High Peaks Pure Earth has translated a blogpost by Woeser, originally written for the Mandarin service of Radio Free Asia and published on her blog on April 27, 2018. This is the seventh essay in a long series of posts about the Cultural Revolution in Tibet.
In this post, we hear about the fate of prominent aristocratic Tibetan families during the Cultural Revolution. Woeser further explains how it came about that she was able to interview so many people for her book but also mentions those who declined to be interviewed.
To read the original 2016 New York Times interview with Woeser by Luo Siling in English that sparked this series of posts here, please follow this link: https://www.nytimes.com/2016/10/04/world/asia/tibet-china-cultural-revolution-photographs.html
“Collecting Eyewitness Accounts in Lhasa”:
An Interview That Made Me Continue to Think About the Cultural Revolution in Tibet – Part 7 By Woeser
During the interview series with the New York Times on the occasion of the publication of the new version of “Forbidden Memory” two years ago, the interviewer, Luo Siling, asked me if I had also talked to the people being denounced on my father’s photographs. In fact, I had done so many times and even specifically gone out to look for them.
My father’s photos show about 40 people being denounced by Red Guards and the general masses during the Cultural Revolution. They include former senior monks, officials, merchants, doctors, military officers and rural landlords. Denunciation scenes include collective denunciations at mass assemblies, denunciations by marching through the streets and denunciations of smaller groups by local neighbourhood committees. They all happened between August and September 1966. But in actual fact, the denunciations went on for as long as three or four months. And even afterwards, the violent conflict between the two factions led to the continuation of the struggle and those labelled as “monsters and demons” had to labour and study at neighbourhood committees for an even longer time.

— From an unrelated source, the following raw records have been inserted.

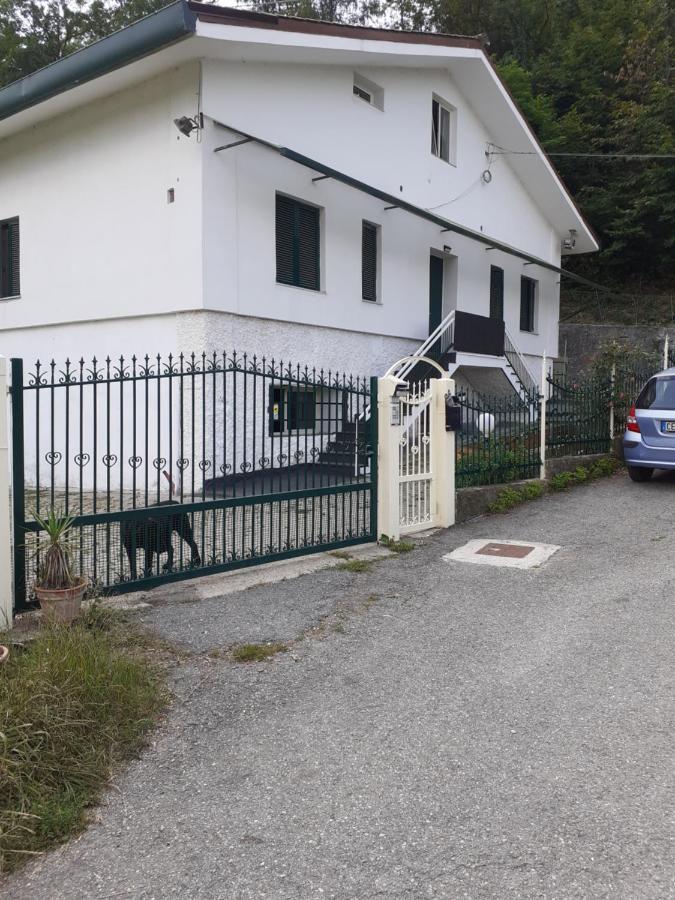 Soledelmattino Borgo San Dalmazzo Exterior foto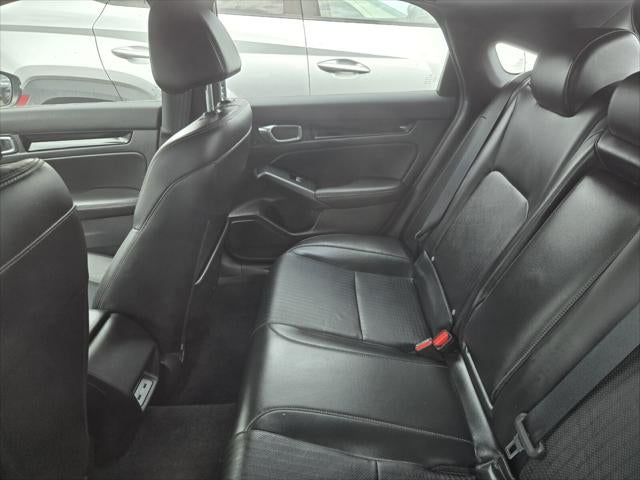 2023 Honda Civic Sport Touring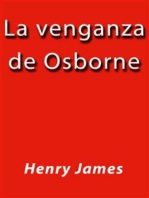 La venganza de Osborne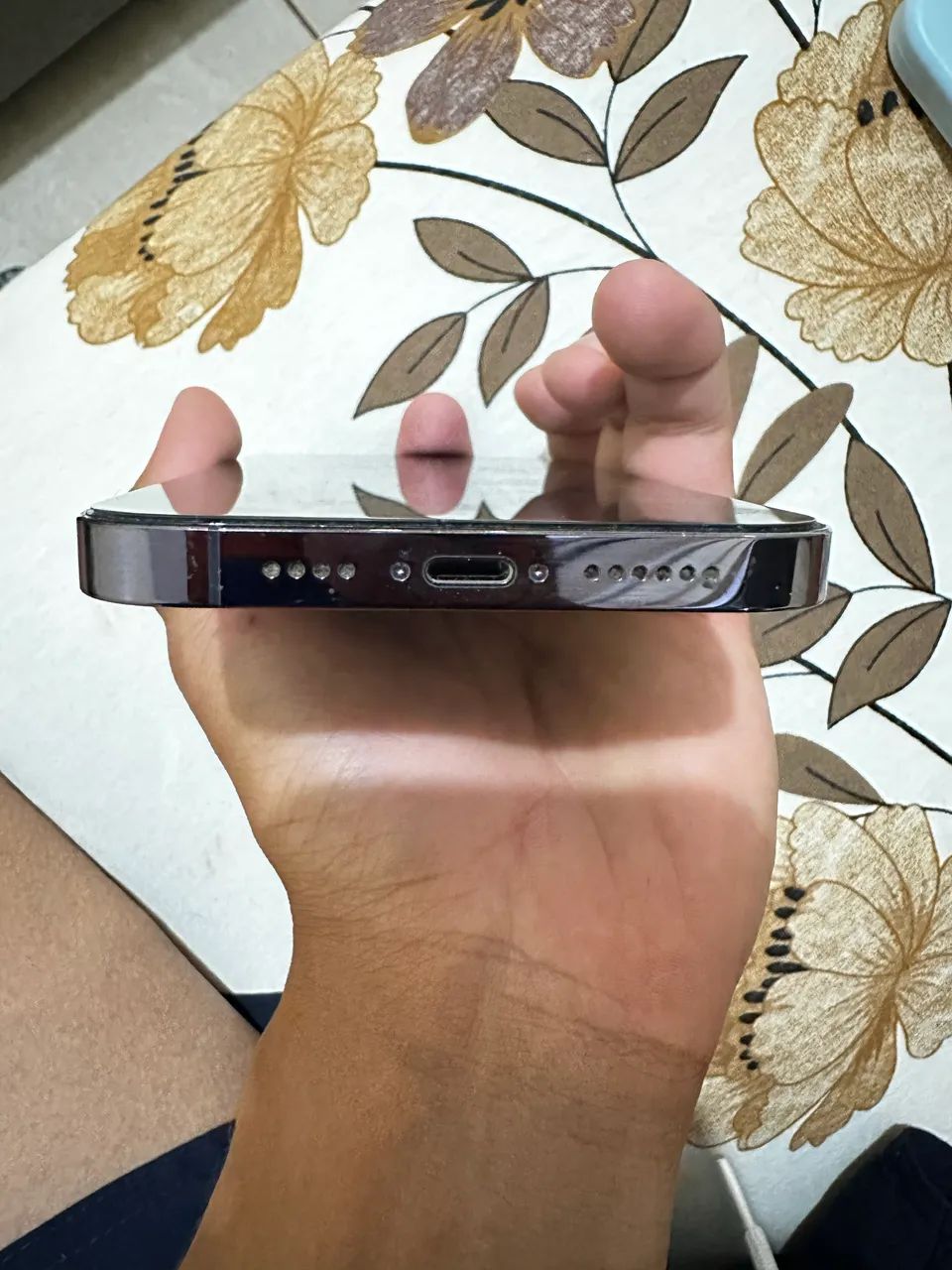 Iphone 14 pro max  - Foto 4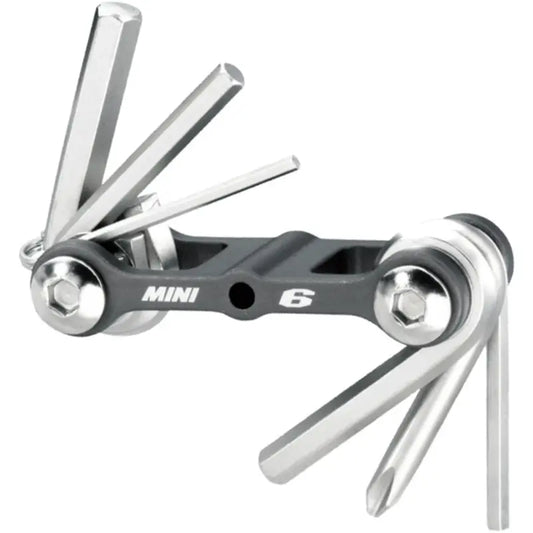 Topeak Mini6 Tool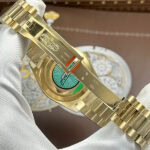 ロレックスデイデイト228238-0069コピー時計 210g加重版 RC工場 - 画像 (11)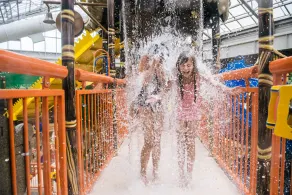 Kalahari Resorts & Conventions - Image 2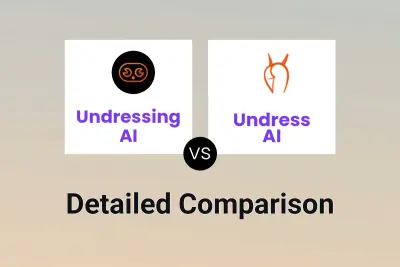 Undressing AI vs Undress AI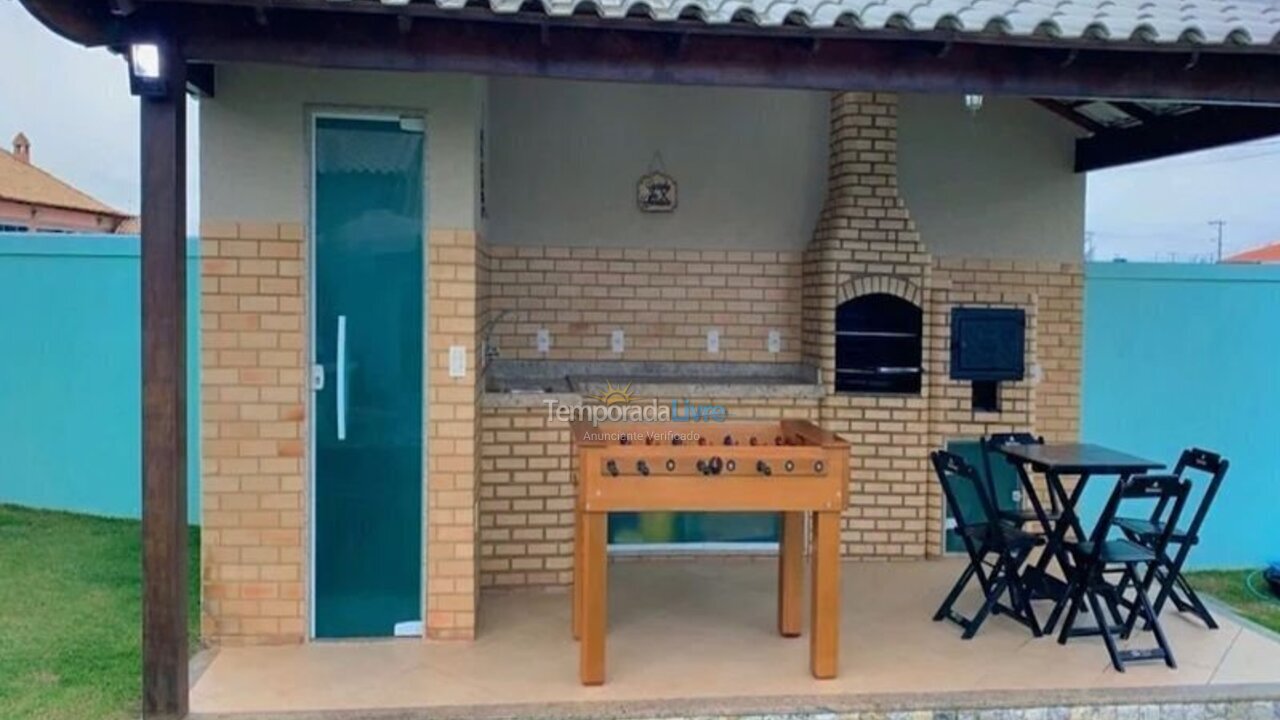 Casa para aluguel de temporada em Arraial do Cabo (Rj Arraial do Cabo)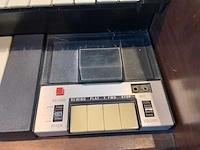 Hammond orgel - afbeelding 5 van  7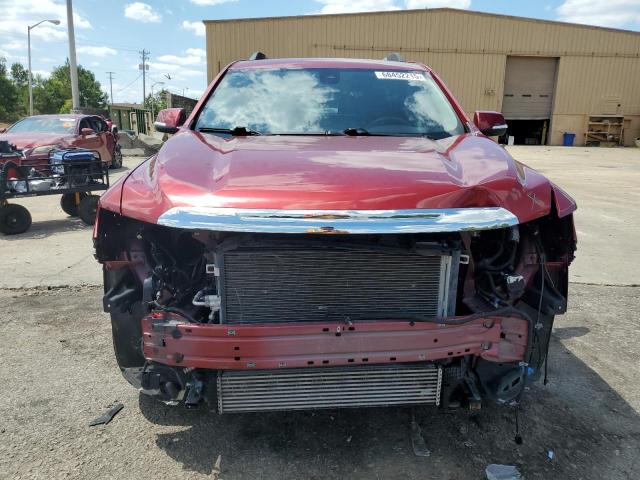 2023 GMC ACADIA SLT 1GKKNUL40PZ120990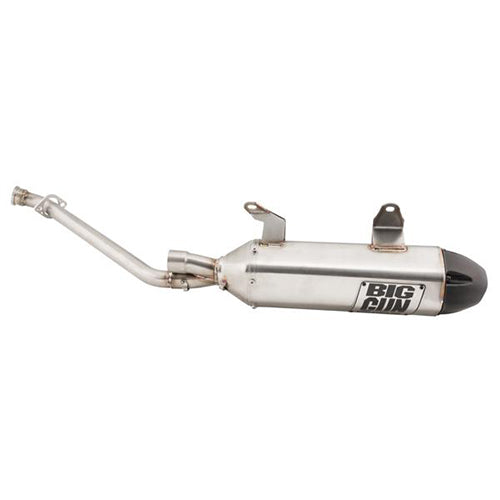 BIGGUN EXHAUST 980520 980520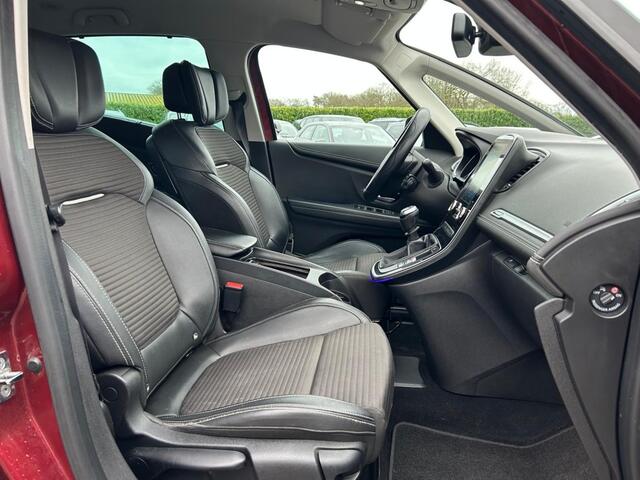 Renault SCENIC 1.2 TCE BOSE, Xenon, Navi, Cruise, Bose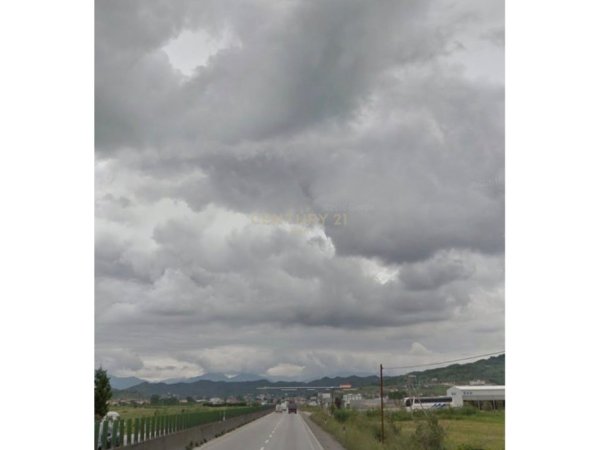 Durres, shitet toke , 30.530 m² 2.440.400 € (Vija e pare Dr-Tr)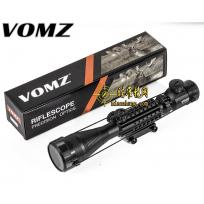 VOMZ 4-16X50高清抗震鱼骨瞄准镜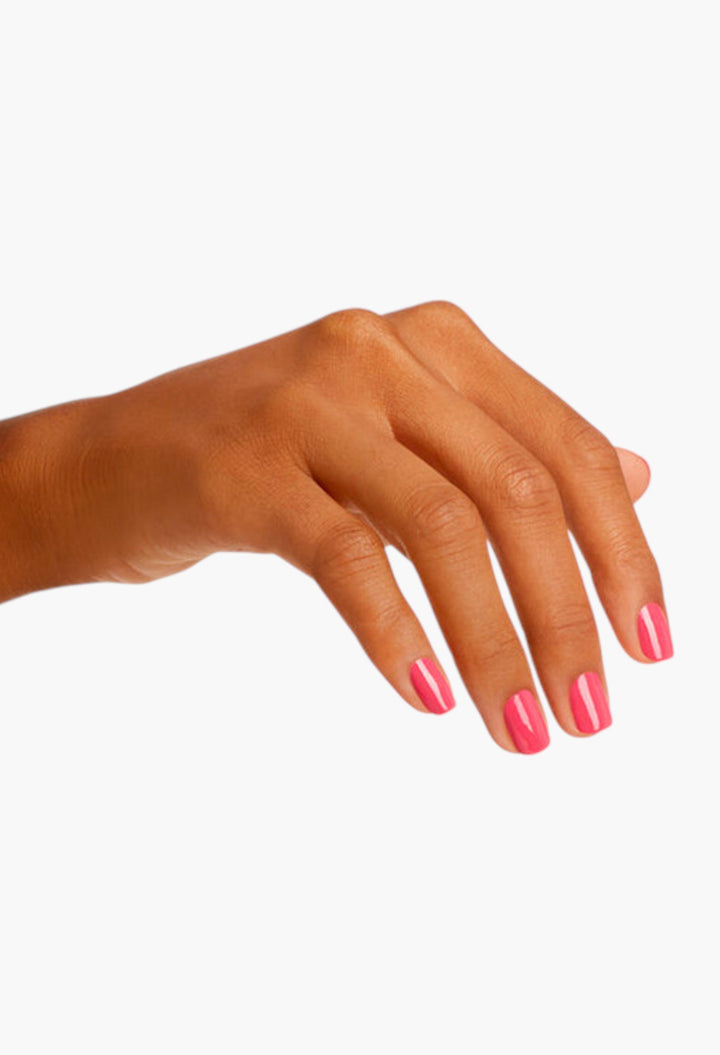 Nail Lacquer Nail Varnish - GLAM MODA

Those who were denounced during the Cultural Revolution were basically the people that belonged to the upper levels of society, because they had been the main “targets of the United Front” between 1950 and the Cultural Revolution. But a more important reason was that they had not followed the “Dalai Separatists” or “defectors” during the “armed rebellion” in 1959 and thus often received special treatment from the Party. In other words, they had, in fact, been CCP collaborators (one high-ranking lama was even a spy in the Tibet Military District). But during the Cultural Revolution, they were denounced as “monsters and demons”. The result was madness, sickness and death–some people in the photos died during the Cultural Revolution, some afterwards and only very few are still alive today. Among those, some have left Tibet and gone abroad, while others have stayed and now work in the Political Consultative Conference or the Buddhist Association, enjoying good positions and decent salaries as “targets of the United Front”, essentially being used as the political decorations that the CCP is so much in need of.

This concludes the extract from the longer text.